◆ **Description of the task**
Omit all images, then repeat exactly the lines below from the one containing "Hotel Landmark أوتي المظهر الخارجي الصورة" through the one containing "Okrągła przypinka Pewex kolorowy motyl", both ends included.

◆ **Data records**
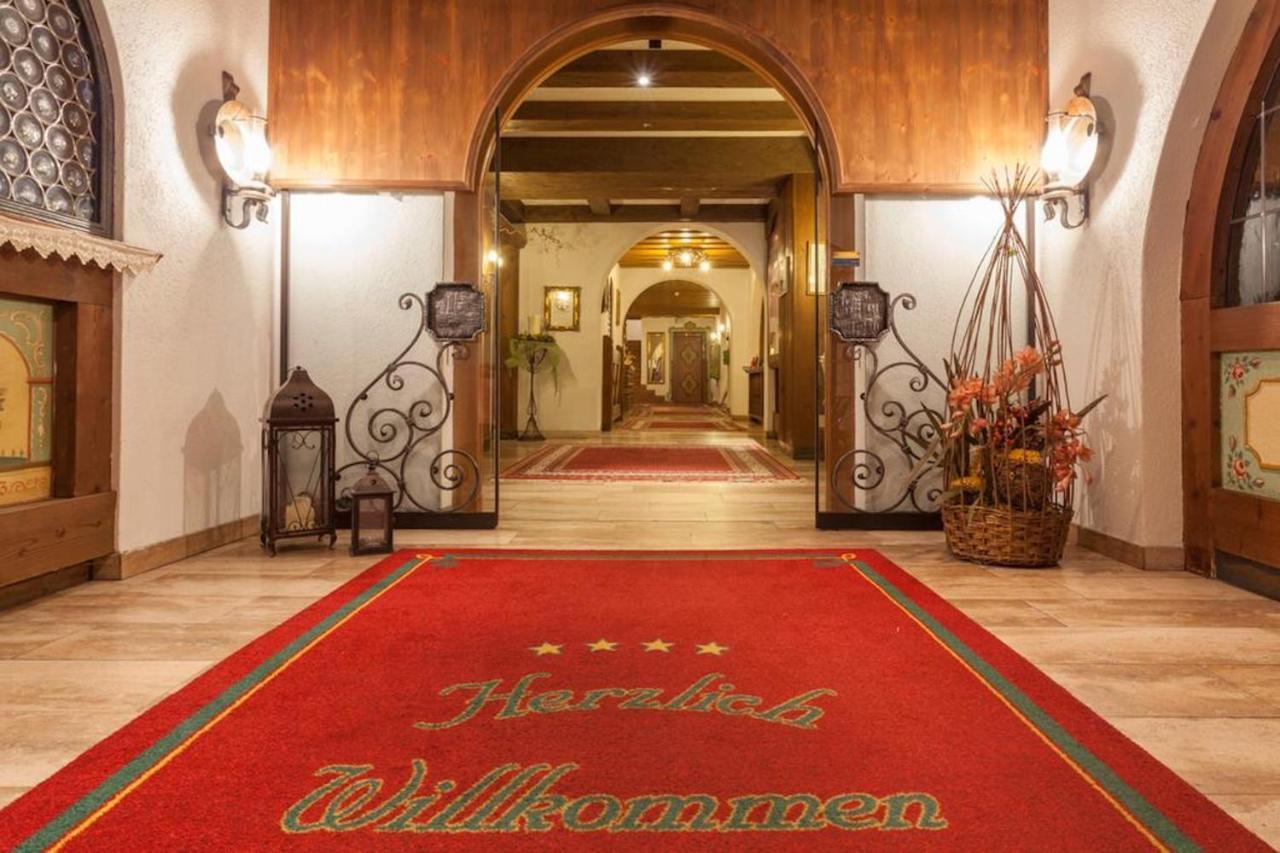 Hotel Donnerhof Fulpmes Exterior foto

* * *

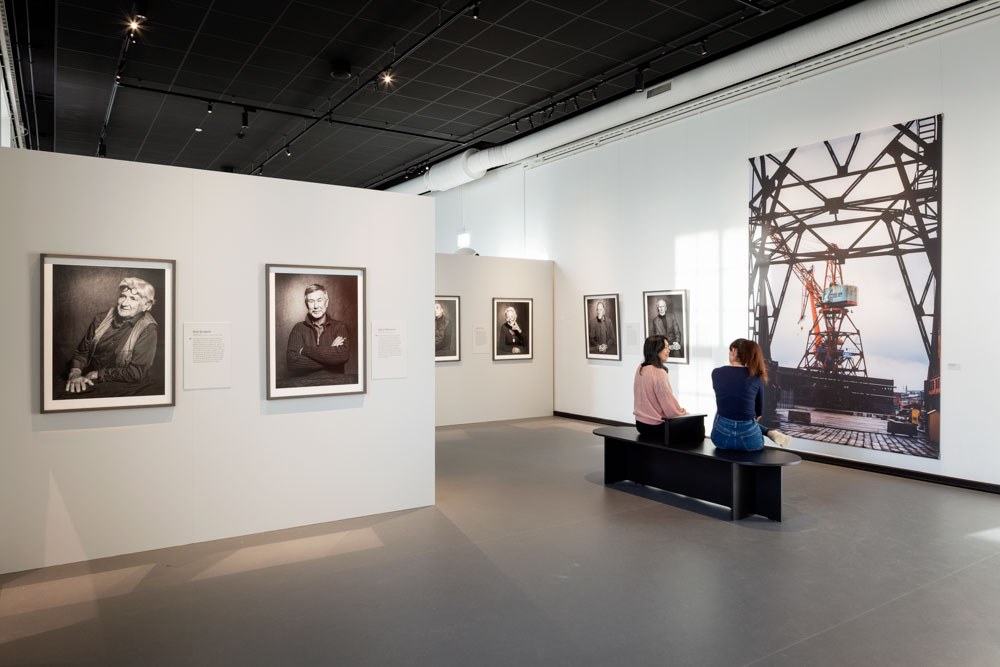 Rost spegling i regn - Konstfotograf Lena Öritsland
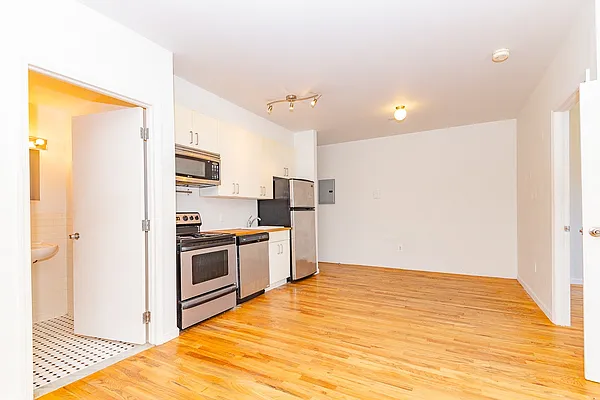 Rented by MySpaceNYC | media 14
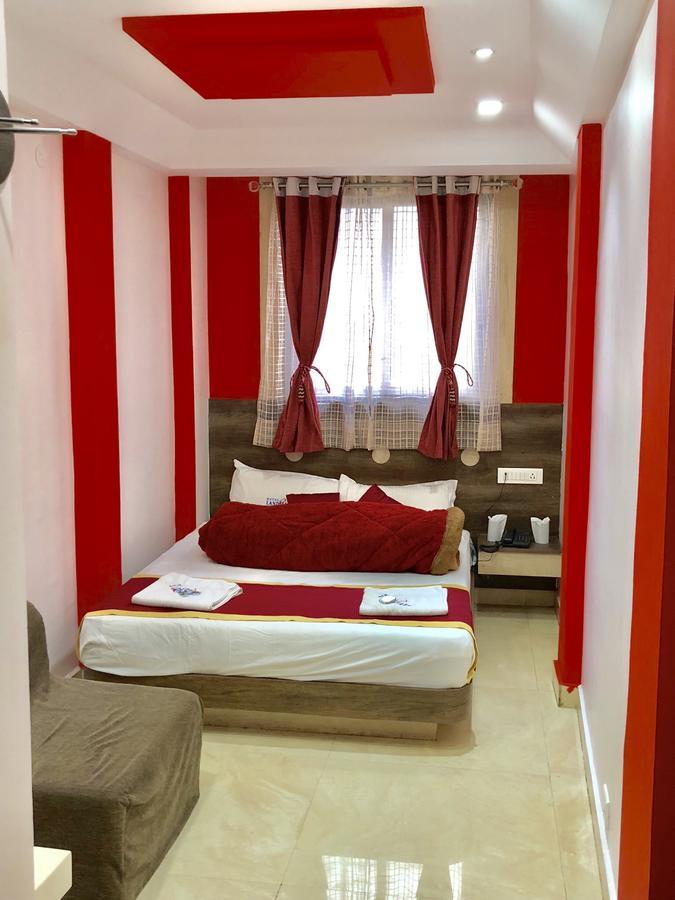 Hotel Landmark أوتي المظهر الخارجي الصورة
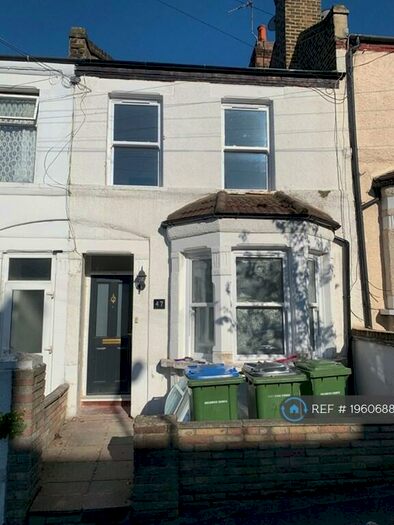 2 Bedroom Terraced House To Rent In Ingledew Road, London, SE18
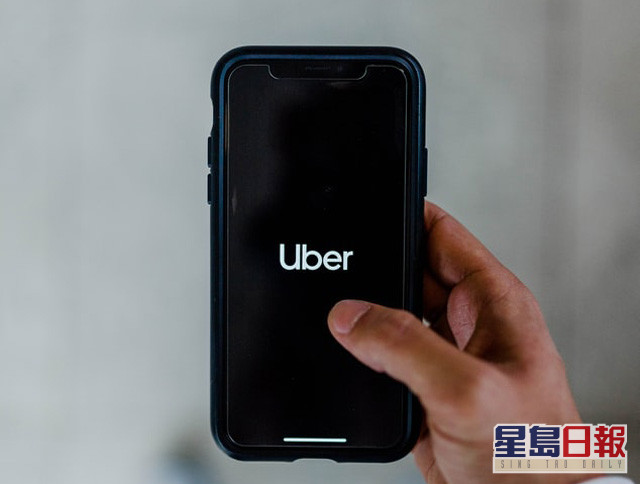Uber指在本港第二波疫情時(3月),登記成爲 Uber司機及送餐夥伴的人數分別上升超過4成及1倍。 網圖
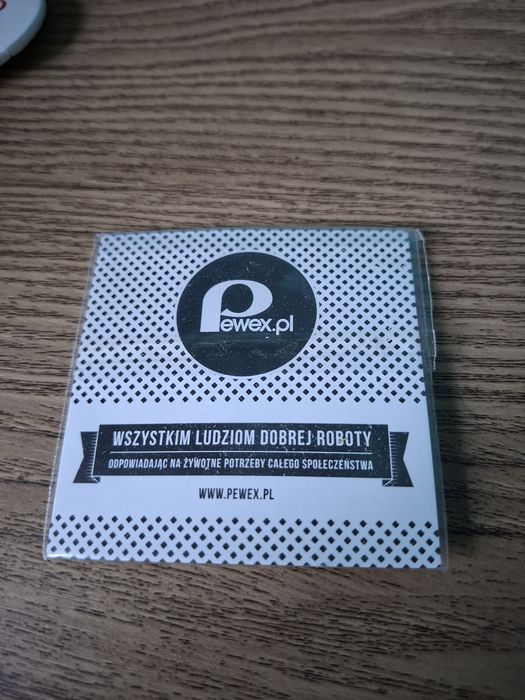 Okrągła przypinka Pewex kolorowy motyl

◆ **Exercise result**
 Hotel Landmark أوتي المظهر الخارجي الصورة
 2 Bedroom Terraced House To Rent In Ingledew Road, London, SE18
Uber指在本港第二波疫情時(3月),登記成爲 Uber司機及送餐夥伴的人數分別上升超過4成及1倍。 網圖
 Okrągła przypinka Pewex kolorowy motyl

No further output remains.